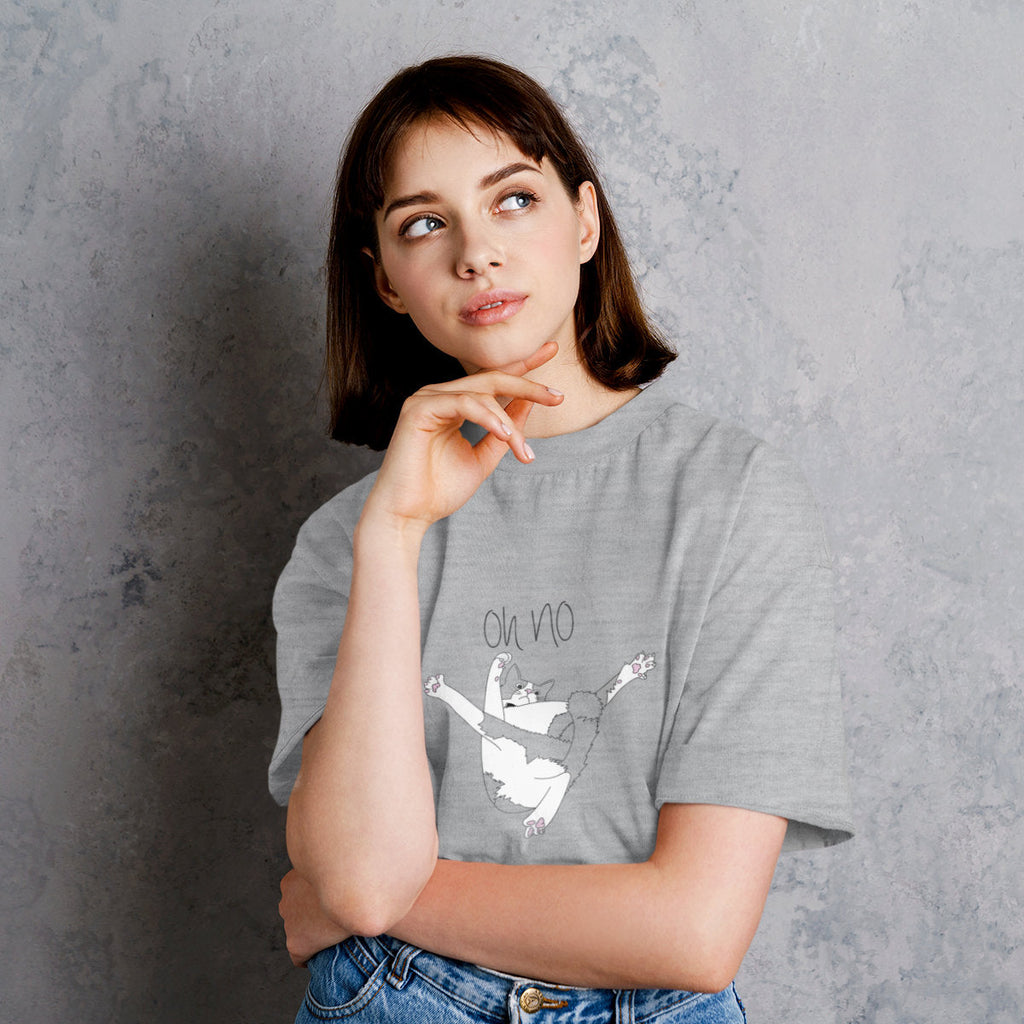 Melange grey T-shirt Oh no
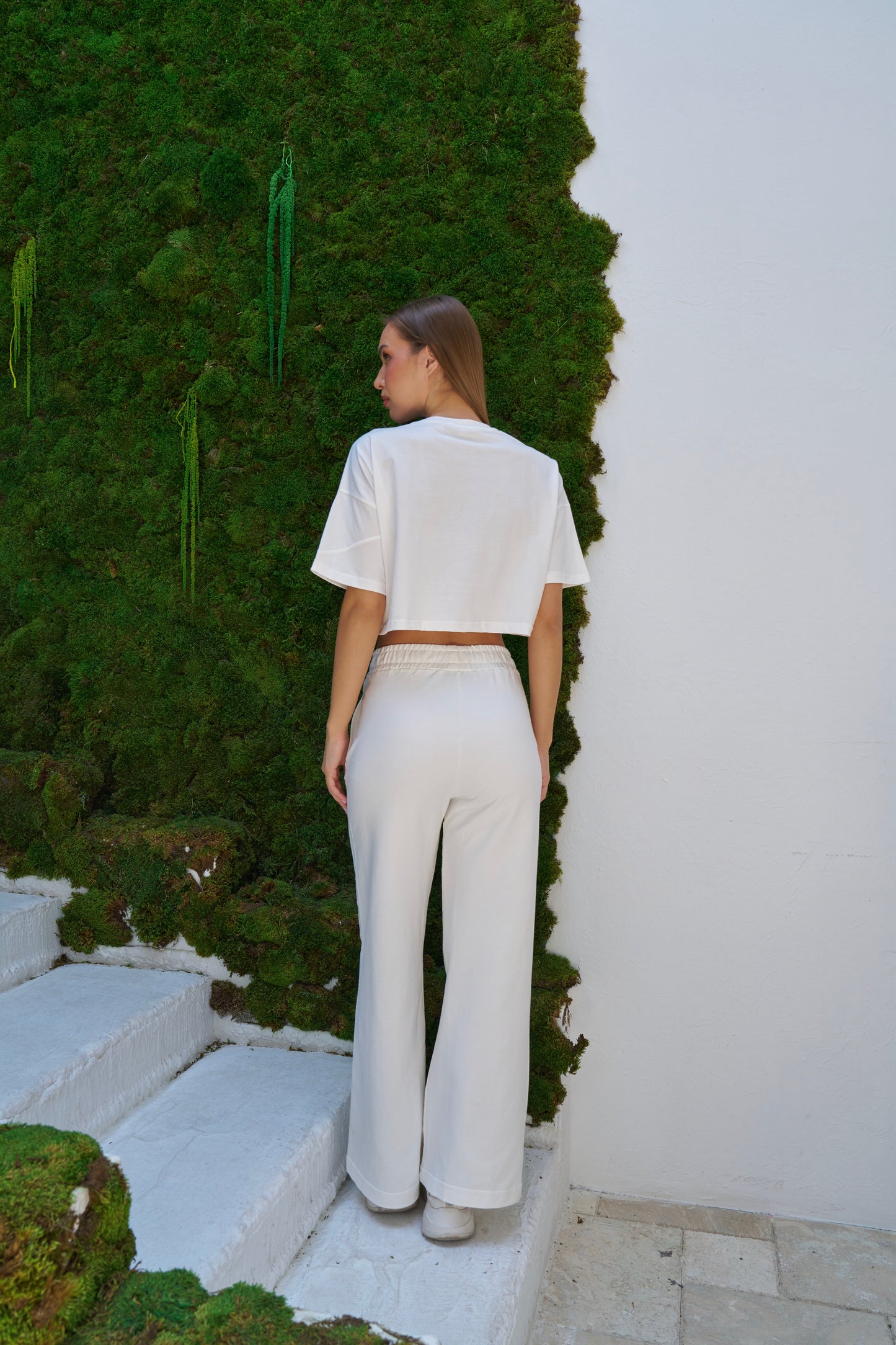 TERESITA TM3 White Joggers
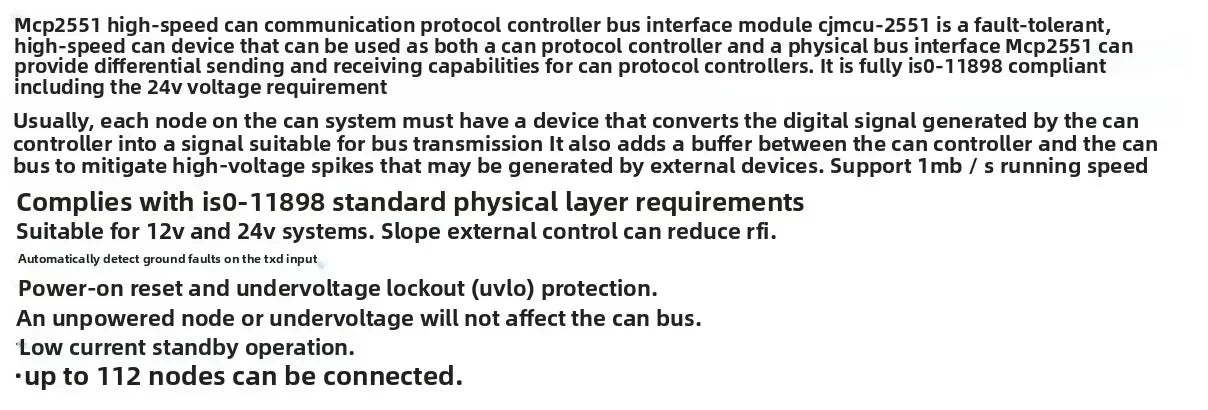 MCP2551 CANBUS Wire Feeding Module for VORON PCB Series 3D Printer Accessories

- TASK: Line by line, write out the data above exactly, without the pictures.

- YOUR SOLUTION:
 Melange grey T-shirt Oh no
 TERESITA TM3 White Joggers
 MCP2551 CANBUS Wire Feeding Module for VORON PCB Series 3D Printer Accessories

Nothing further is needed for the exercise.